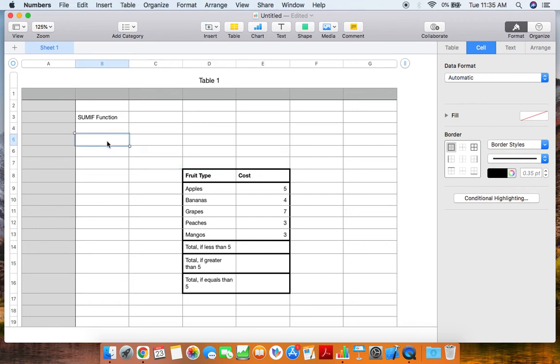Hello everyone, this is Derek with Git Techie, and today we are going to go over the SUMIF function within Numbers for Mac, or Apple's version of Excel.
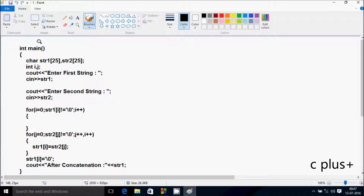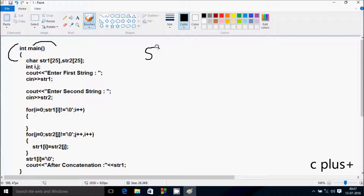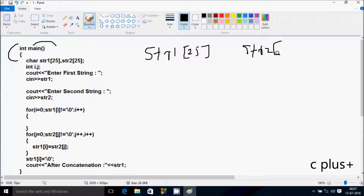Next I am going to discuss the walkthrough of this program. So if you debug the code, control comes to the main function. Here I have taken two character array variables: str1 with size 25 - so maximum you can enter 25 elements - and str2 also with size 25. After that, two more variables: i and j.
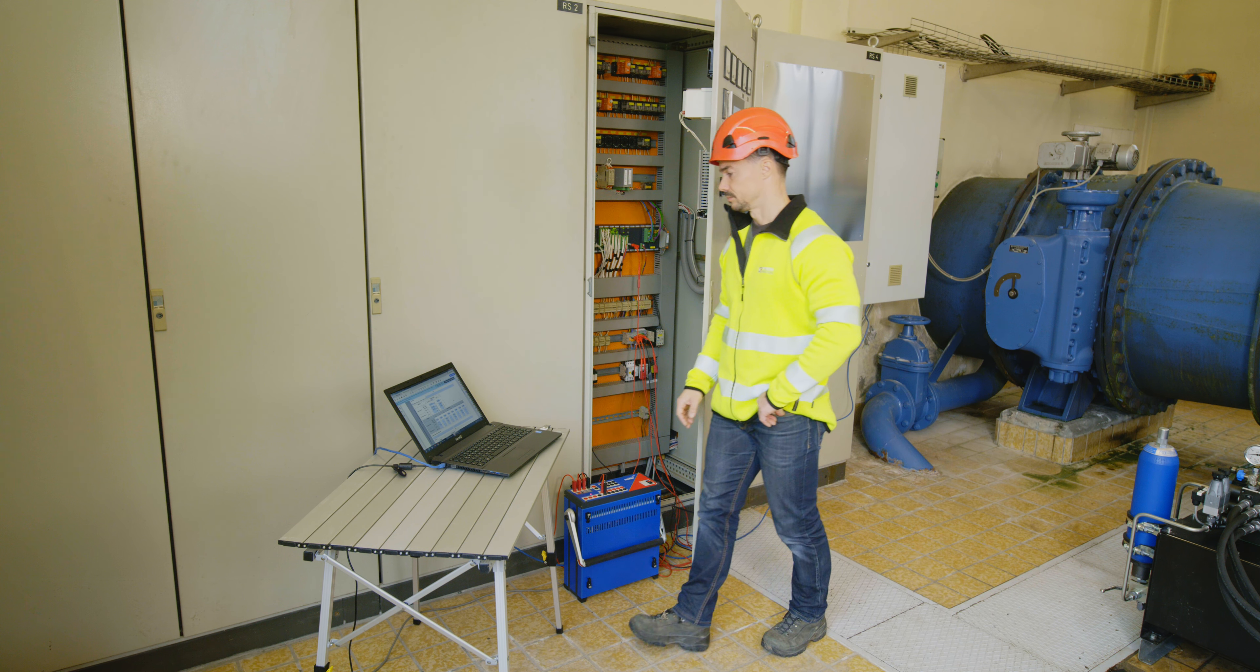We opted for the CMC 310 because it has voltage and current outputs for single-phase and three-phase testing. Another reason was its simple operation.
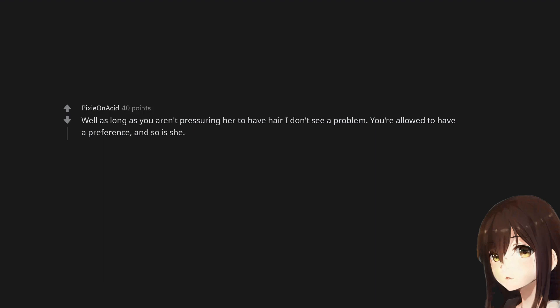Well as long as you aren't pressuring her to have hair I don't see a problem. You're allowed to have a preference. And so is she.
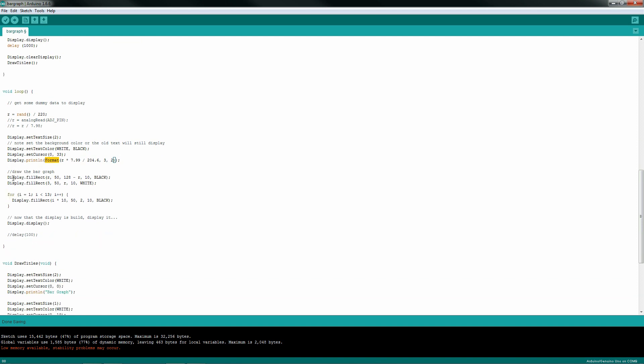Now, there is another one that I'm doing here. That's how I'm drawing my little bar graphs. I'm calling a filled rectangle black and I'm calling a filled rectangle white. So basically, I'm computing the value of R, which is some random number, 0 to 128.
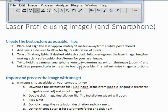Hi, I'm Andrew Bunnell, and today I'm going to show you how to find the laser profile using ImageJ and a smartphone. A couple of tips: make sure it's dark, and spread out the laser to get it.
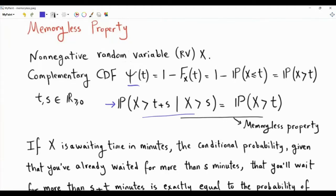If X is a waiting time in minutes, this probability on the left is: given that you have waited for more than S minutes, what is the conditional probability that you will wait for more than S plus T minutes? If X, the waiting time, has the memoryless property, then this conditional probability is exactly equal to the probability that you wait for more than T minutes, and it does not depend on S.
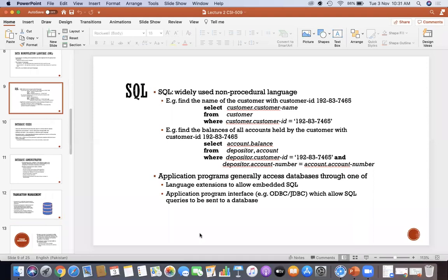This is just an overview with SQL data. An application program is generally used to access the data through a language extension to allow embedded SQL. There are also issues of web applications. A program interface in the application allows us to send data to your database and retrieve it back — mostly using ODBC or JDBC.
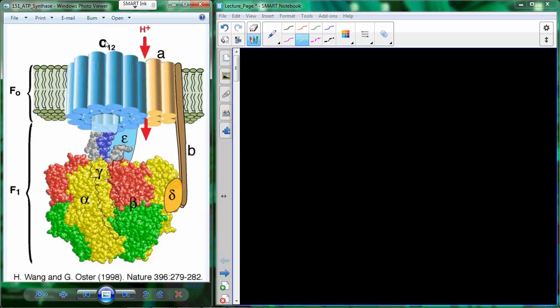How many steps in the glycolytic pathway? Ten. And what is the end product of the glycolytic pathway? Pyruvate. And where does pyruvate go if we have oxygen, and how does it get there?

────────

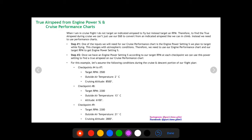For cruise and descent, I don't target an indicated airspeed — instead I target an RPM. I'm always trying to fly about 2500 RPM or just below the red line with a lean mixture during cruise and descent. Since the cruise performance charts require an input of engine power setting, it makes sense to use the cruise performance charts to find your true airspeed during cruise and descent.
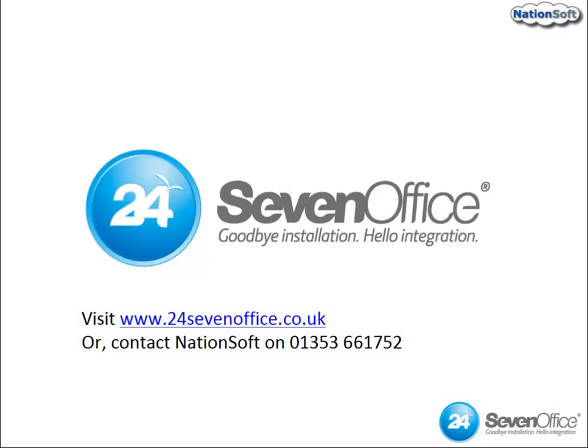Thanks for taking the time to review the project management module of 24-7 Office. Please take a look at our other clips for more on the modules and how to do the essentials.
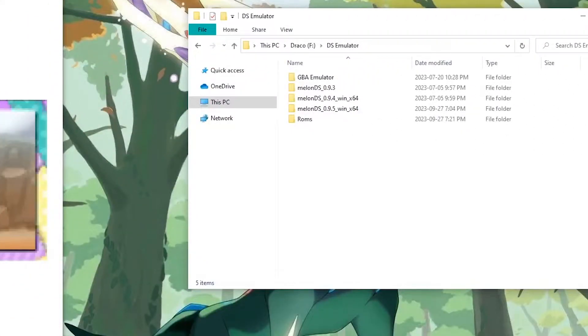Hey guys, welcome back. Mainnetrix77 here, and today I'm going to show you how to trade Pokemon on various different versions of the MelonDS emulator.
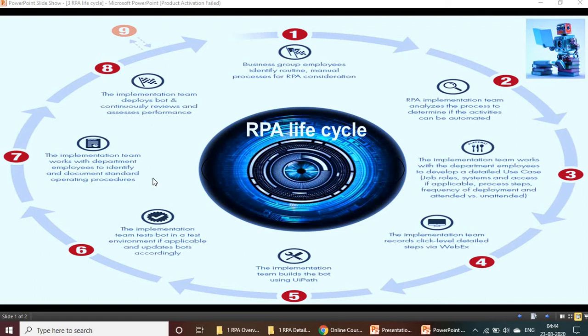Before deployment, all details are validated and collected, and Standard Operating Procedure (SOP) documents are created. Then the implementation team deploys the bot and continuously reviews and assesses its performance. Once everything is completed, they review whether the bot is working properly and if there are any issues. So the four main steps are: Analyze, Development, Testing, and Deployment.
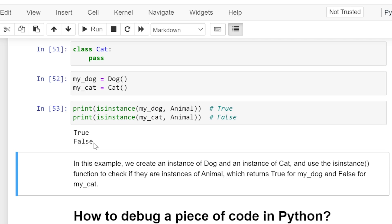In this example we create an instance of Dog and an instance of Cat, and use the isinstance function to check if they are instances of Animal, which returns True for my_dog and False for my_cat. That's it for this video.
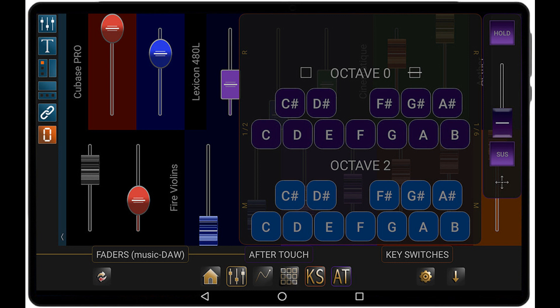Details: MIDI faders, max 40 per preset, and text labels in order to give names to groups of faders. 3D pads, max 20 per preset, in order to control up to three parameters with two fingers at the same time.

────────

## Task to complete
After locating "Hello everyone, this" and "Now, there is" in the records above, return exactly the line holding each one and every line between them; leave out the pictures.

## Exercise solution
Hello everyone, this is Derek with Git Techie, and today we are going to go over the SUMIF function within Numbers for Mac, or Apple's version of Excel.
Next I am going to discuss the walkthrough of this program. So if you debug the code, control comes to the main function. Here I have taken two character array variables: str1 with size 25 - so maximum you can enter 25 elements - and str2 also with size 25. After that, two more variables: i and j.
We opted for the CMC 310 because it has voltage and current outputs for single-phase and three-phase testing. Another reason was its simple operation.
Well as long as you aren't pressuring her to have hair I don't see a problem. You're allowed to have a preference. And so is she.
Now, there is another one that I'm doing here. That's how I'm drawing my little bar graphs. I'm calling a filled rectangle black and I'm calling a filled rectangle white. So basically, I'm computing the value of R, which is some random number, 0 to 128.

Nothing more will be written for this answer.